Just remember to keep it fun and take her lead.
2. Give her gender neutral, open-ended toys
There’s nothing wrong with Barbie and My Little Pony if that’s what your daughter likes. But try to include in her playtime collection toys that encourage problem solving and critical thinking, such as puzzles, Lego, building sets and board games.
3. Learn with her
You know those annoying “why” questions your little ones bombard you with? Resist the temptation to ignore them or shoo your child away (well, unless you’re really really busy) and help her find the answers instead. Seeing that you share her interests will not only facilitate bonding but will also model awesome analytical STEM chick behaviour!
4. Surround her with real-life positive role models
Where possible, take your children to see female doctors and call in tradeswomen to fix stuff. Better yet, be a DIY mama and fix that toilet or change that flat tyre yourself. Don’t forget to make sure your children witness this or else the effort has gone entirely to waste (kidding).
Read books and watch documentaries or based-on-real-life films on women who kick ass in STEM. Think Hidden Figures and the Goodnight Stories for Rebel Girls series.
5. Stop your own negative self-talk
Specifically, don’t say that you’re bad at maths or science (even if you totally think you are).
Mathematical incompetence has become like a badge of honour, especially among girls and women. I must confess I’ve used this excuse on occasion to get out of having to do a numbers-related task.
However, this kind of negative self-talk is damaging not only for the talker but also the people around the talker, including and especially young children.
Research has shown time and time again that if a person is exposed to negative stereotypes about their abilities (e.g. “girls are bad at maths”), they will start to believe it and behave in ways that confirm the stereotype (i.e. actually performing more poorly in a maths test).
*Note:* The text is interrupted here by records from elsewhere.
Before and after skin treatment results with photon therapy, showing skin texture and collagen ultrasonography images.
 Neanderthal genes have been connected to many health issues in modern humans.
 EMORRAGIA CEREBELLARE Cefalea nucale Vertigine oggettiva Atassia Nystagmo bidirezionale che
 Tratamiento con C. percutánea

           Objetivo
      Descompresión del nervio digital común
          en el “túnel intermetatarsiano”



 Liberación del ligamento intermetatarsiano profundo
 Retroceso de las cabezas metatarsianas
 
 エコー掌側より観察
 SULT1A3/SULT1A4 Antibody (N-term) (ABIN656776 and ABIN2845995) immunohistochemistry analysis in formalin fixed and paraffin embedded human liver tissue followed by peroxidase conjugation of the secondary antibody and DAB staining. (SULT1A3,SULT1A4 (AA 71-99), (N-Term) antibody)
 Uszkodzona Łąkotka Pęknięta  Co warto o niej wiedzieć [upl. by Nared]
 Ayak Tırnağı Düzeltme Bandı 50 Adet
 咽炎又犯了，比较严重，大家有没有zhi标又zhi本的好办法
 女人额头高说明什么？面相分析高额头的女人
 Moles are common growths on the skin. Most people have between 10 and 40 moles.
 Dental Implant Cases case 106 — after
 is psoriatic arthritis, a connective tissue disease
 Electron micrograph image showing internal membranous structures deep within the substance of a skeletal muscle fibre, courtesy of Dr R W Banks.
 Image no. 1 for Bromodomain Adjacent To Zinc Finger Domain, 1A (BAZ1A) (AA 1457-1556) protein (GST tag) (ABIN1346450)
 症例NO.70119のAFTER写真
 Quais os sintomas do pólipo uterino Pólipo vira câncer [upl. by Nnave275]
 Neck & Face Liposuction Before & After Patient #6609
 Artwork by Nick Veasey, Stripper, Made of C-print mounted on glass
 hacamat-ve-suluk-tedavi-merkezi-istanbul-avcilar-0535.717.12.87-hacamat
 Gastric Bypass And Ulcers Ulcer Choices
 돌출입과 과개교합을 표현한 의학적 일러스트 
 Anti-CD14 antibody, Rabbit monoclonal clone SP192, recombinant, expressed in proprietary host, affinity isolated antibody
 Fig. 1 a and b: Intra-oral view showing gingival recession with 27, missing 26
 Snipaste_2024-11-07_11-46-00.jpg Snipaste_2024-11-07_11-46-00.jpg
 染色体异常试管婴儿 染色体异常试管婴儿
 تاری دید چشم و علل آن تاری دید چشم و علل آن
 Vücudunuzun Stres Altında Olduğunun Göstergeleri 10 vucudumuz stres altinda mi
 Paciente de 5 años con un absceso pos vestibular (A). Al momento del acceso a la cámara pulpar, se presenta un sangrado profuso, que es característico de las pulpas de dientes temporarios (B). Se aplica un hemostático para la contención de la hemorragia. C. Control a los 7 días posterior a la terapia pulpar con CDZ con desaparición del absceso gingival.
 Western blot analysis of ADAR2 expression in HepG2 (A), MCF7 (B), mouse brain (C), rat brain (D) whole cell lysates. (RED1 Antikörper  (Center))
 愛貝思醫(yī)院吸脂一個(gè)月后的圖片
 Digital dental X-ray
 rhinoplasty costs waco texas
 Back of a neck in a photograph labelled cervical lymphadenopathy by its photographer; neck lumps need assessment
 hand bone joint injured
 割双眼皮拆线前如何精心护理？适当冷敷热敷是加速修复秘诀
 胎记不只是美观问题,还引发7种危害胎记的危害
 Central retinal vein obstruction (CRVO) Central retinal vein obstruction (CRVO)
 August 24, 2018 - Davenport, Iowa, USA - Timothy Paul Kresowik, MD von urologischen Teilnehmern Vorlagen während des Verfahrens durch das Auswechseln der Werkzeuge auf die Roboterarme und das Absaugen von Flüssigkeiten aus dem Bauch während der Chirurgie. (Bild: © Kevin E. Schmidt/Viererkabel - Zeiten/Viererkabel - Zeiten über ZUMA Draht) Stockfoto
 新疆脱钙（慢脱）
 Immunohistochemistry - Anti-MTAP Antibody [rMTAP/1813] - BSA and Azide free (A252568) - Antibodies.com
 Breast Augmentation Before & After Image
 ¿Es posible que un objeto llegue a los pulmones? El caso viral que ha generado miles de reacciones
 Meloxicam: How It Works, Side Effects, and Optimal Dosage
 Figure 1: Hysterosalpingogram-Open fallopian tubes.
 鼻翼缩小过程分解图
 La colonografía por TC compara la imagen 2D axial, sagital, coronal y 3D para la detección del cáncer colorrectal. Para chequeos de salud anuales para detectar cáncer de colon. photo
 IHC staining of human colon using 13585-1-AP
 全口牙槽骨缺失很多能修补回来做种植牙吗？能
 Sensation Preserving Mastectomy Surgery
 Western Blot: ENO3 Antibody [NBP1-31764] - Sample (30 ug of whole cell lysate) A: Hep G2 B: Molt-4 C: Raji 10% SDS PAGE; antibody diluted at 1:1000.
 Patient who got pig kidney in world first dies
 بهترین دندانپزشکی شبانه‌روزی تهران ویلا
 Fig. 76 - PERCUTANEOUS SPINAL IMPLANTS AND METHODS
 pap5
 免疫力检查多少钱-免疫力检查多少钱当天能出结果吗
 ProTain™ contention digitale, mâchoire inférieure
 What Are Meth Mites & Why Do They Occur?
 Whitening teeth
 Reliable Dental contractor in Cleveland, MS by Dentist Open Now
Yikes!
6. Don’t “dumb down” intellectual conversations with your daughter
We now know not to bang on about how crap we are at maths or science, especially around our children. But what about the other things we need to be careful about saying – or not saying?
Alarming research has shown that when parents speak to their children about scientific things (e.g. playing with magnets or seeing a museum exhibit), they tend to talk in more practical and scientific terms with their sons rather than their daughters. This unconscious bias impacts children’s science comprehension skills two years later.
Therefore, it is important to nip this habit in the bud as early as possible and resist the urge to “dumb down” or, rather, “science down” conversations with our daughters. Use proper scientific words for things, even if it might require a bit of explanation at first. Remember, children’s brains grow remarkably fast so they will pick it up in no time!
7. Counter negative stereotypes about women in science
Unfortunately, academically-inclined girls are not always portrayed in the most appealing light. They tend to be depicted as geeky, socially awkward, not conventionally attractive, and out of touch with reality (which in my opinion is still cool – it takes all types to make the world go round. Also, it kinda describes me).
However, girls and society at large need to understand that girls and women who like STEM are just as diverse as any other group of people. There’s no reason why a girl who likes science can’t also enjoy baking. And cheerleading and mathematical prowess are not mutually exclusive.
For role models who show your daughter that there is more than one way to be a girl, look to Hedy Lamarr (Hollywood actress and the inventor who contributed to the development of WiFi, Bluetooth and GPS technology) and the various women scientists in the Dr Who series.
For younger children, there’s the fantastic program, Doc McStuffins which centres around a young girl who wishes to be a doctor when she grows up, in the meantime practicing on her toys.